Botchie pointed out that the town would not be paying the state police for their service under the agreement, as the arrangement will be an exchange — Millville town hall space for added police presence.
“My hope is to have better response time for Millville residents,” she said. “And more patrolling – not only in Millville, but in our surrounding unincorporated areas and developments that butt right up to Millville. And this will lessen the burden for our neighboring Ocean View Police Department.”
Botchie cited that, in 2008, of Ocean View’s 212 assists to the DSP, 27 were in Millville; in 2009, of the 193 assists from the OVPD, 29 were in Millville; in 2010, of 210 assists, 10 were in Millville. Over the past three years, there were 615 assists to the DSP, with a total of 66 in Millville, equaling 10.73 percent of the OVPD’s total assists. The two towns had been in discussion over a possible agreement for OVPD to provide service in Millville, but that notion stalled amid discussion of the finances.

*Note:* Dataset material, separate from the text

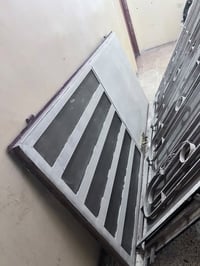 باب وشباك • نضيفات • حي القاهره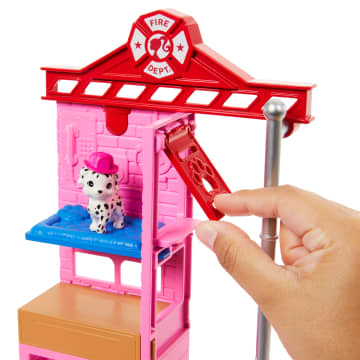 Barbie Brandweervrouw, Speelset Met Blonde Modepop, Brandweerkazerne, 2 Dierenvriendjes En Meer Dan 10 Accessoires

Hocker said that he’s absolutely thrilled of the prospect of a greater police presence in the area – not only as a resident, but as a business owner.

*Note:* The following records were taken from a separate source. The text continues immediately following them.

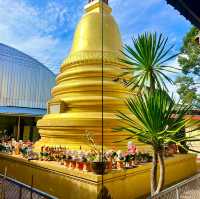 บูชาหลวงพ่อปากแดง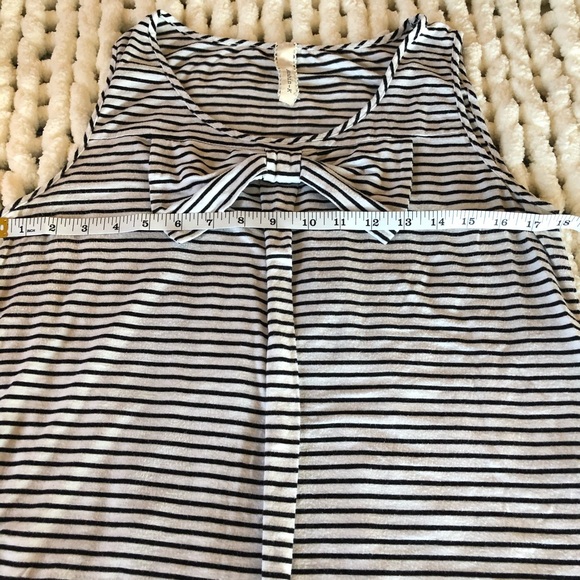 Striped Black and White Sleeveless Top - Picture 2 of 6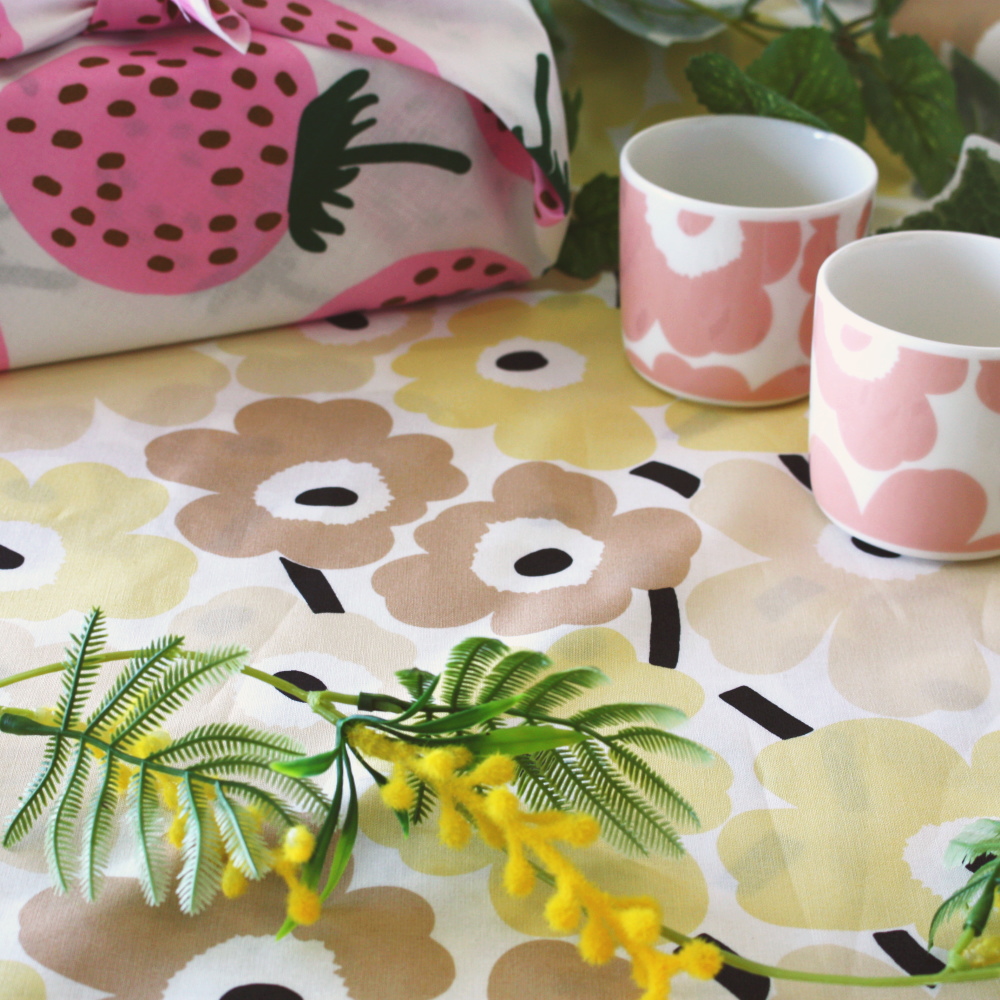 marimekko マリメッコ 生地 ミニウニッコ 黄色 イエロー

“Since Troop 4 reassigned their territories, I know that they’ve been trying to keep a trooper in this area. And the last three shoplifters we’ve caught, the troopers have been there in less than 10 minutes. So they’re certainly making more of a presence in this area, and it’s definitely needed.”
Other councilmembers are equally excited about the partnership. Councilwoman Joan Bennett, who has been a longtime proponent of increasing public safety within the town, said it’s a “step in the right direction.”
“I think it is always wonderful when both parties can benefit from an arrangement like the one that Millville and the state police will be entering into. A win-win is always a good thing. And I am particularly enthusiastic about the prospect of some additional level of police presence in Millville with this new arrangement, since I have been a longtime advocate of increasing public safety coverage in the town of Millville.”
“I think it’s a great deal,” added Councilman Robert Gordon. “I think, for the State Police to have a location that they’re not going back and forth to Georgetown, running back and forth, to be a midpoint or even a stopping point – just for the police to ride through the town – that shows a presence.”
The town is still in the early phases of the arrangement and has to iron out a few more details before bringing it to a formal vote of the council.
“At this point, they’re still in the discussion phase,” said Thompson. “There’s going to have to be some vote, in terms of formalizing the relationship, whether that’s through a lease or a memorandum of understanding. It sounds like the talks have been productive to the point where they’re getting close to those details, which is great.”
“We’re going to move forward, but slowly,” added Botchie. “My gut is telling me that this will end up being a very beneficial arrangement. That Millville can help subsidize for them to have them here, it’s worth it.”
Until everything is up and running, the town will continue to pay the DSP per their scheduled requests for coverage in the town, to ensure safety for residents and visitors.
“Obviously, the community would like more of a police presence, and this is just one avenue in which we can increase patrol in and around the Millville area,” said Harris. “The Delaware State Police is excited about it, and we want to get up and running as soon as possible.”
So far, the town and council have received positive feedback from business owners and community members, and they are excited to take the next step.
“People are glad to see anytime that they know more troopers are going to be in this area, and certainly they know it’s beneficial,” said Hocker. “We just want to stress that this is the baby steps to a long-term advantage to the community, and we certainly welcome any comments from anybody – whether they’re in Millville or not in Millville.”